To the Editor:

We read the paper by Steel et al. [1] with great interest and welcome their study demonstrating large macular holes do not behave differently in terms of surgical anatomical closure at the arbitrary “cut-off” value of 400 µm, confirming the findings of our previously study published in 2018 [2]. Whereas we demonstrated that a size of ~630 µm appears to represent a significant inflection point where surgical macular hole closure significantly decreases, the BEAVRS dataset suggests a value of ~500 µm. The authors suggest the difference may be due to the fact that the ROC analysis in our study “shows a fairly low profile covering a number of possible values”, and being a larger series, they suggest that 500 µm is the correct, pragmatic “cut-off”.

Scrutiny of our ROC curve demonstrates a very similar profile to the BEAVRS study, and whilst the AUC value for the BEAVRS study was 77.9%, for our study the value was 76.9% (i.e., virtually identical). Further analysis (unpublished) of our data demonstrates to achieve 70% sensitivity and 69% specificity, the range of values are between 608 and 630 µm (i.e. a relatively narrow range of possible values and less than the quoted range by the BEAVRS dataset study of 464–500 µm). We politely suggest the authors have misinterpreted the perceived “flatness” of our ROC analysis as it purely relates to the scale of the drawn axes.

With larger numbers (though over half of the cases were <400 µm, Supplementary Table 2), we acknowledge the BEAVRS dataset may have an increased ability to determine the likely “true” cut-off value. However, we question the authors stating their data as necessarily prospective and consecutive. As well as data entry being from a relatively small pool of available BEAVRS surgeons (35 from ~200 consultant vitreoretinal surgeons in the UK), and one surgeon alone contributing over 10% of all cases, the data entry tool for the BEAVRS macular hole dataset allows data entry up to 4 months post event. Whilst this is a very sensible and pragmatic approach to try to maximize utilization of the database, it does introduce the possibility of selection bias among surgeons entering data, despite its anonymity. It also has no ability to confirm and validate the data as consecutive. The surgical results of their study demonstrate a very high surgical success rate even above 600 µm (~87%) in contrast with our study [2] (success rate 77% above 600 µm) and other studies demonstrating a significantly lower success rate for larger holes (Gupta et al. [3], 67% > 500 µm). This introduces the possibility of surgeon selection bias, favouring inclusion of those cases more likely to close or retrospectively completing those cases which did close.
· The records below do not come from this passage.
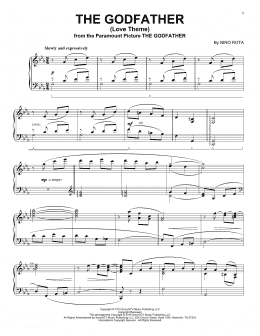 page one of The Godfather (Love Theme) (Piano Solo)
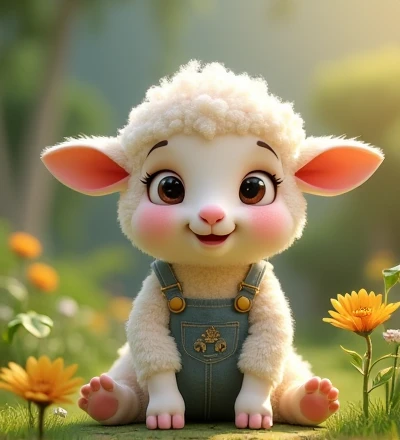 Imagine a lifelike little lamb with humorously exaggerated features, oversized, dressed in cute clothes, bright eyes and curiosity, smiling, frontal image, smiling bunny, Disney style, capturing natural textures, although its little paws are slightly larger, they are even cuter. The background is a simple garden, with a focus on natural colors and some green plants, creating bright colors and white lambs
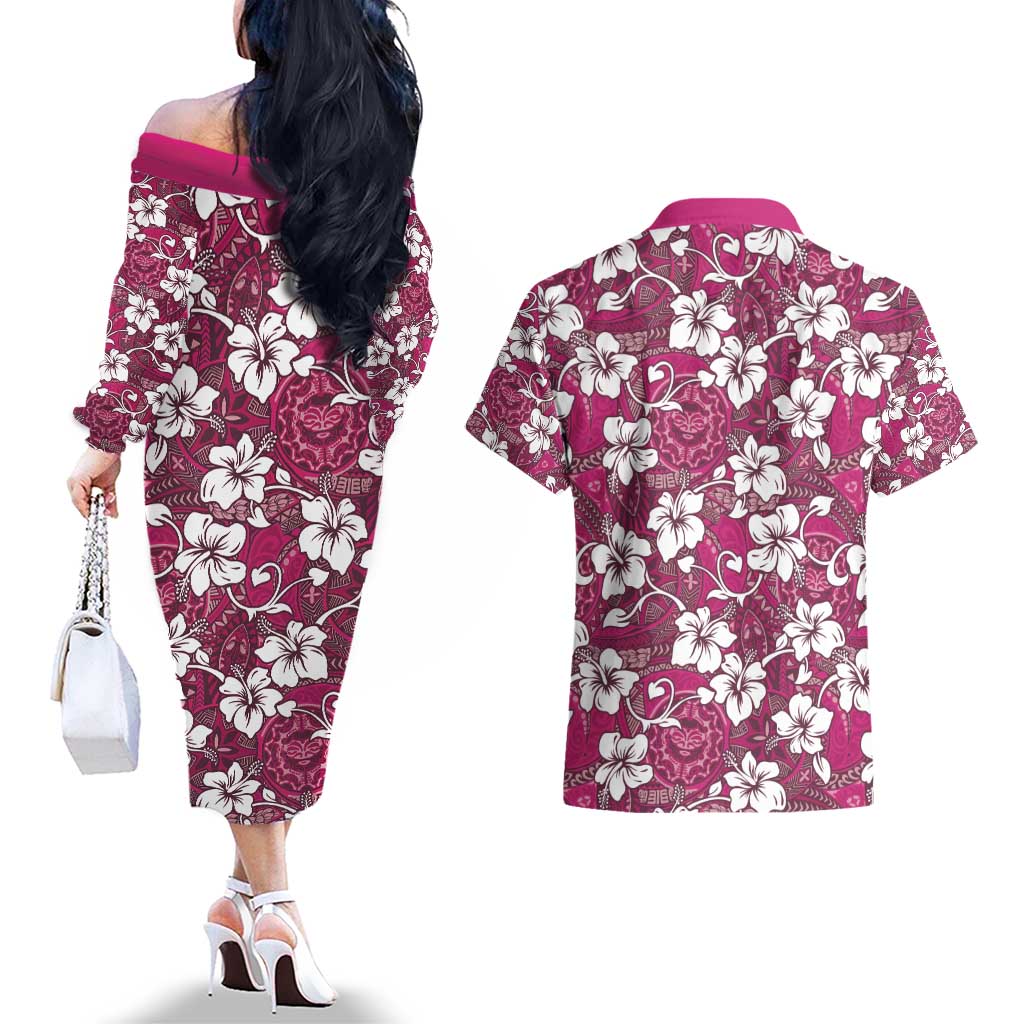 Piqi Bula Fiji Couples Matching Off The Shoulder Long Sleeve Dress and Hawaiian Shirt Fijian Tapa Seamless Hibiscus LT14 - Polynesian Pride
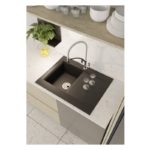 Abode Aspekt 1 Bowl & Drainer Granite Inset Sink Black Metallic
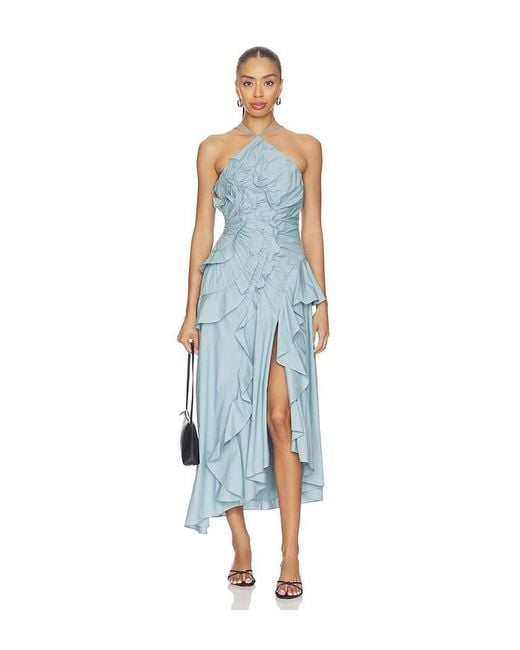 AMUR Blue Ottavia Ruffle Dress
The authors should at least acknowledge this as a potential limitation of their study, particularly as surgeons may be reluctant to lower their “success rate” as they may use their data for evidence of personal audit and professional revalidation.

The authors have made a great contribution to determining the correct classification of “large” macular holes, i.e. those that have a significantly increased risk of surgical failure and worthy of consideration of alternative techniques for anatomical closure, but until a true prospective, consecutive study that minimizes potential bias of data entry is conducted, the approximate value at which that classification lies will remain uncertain.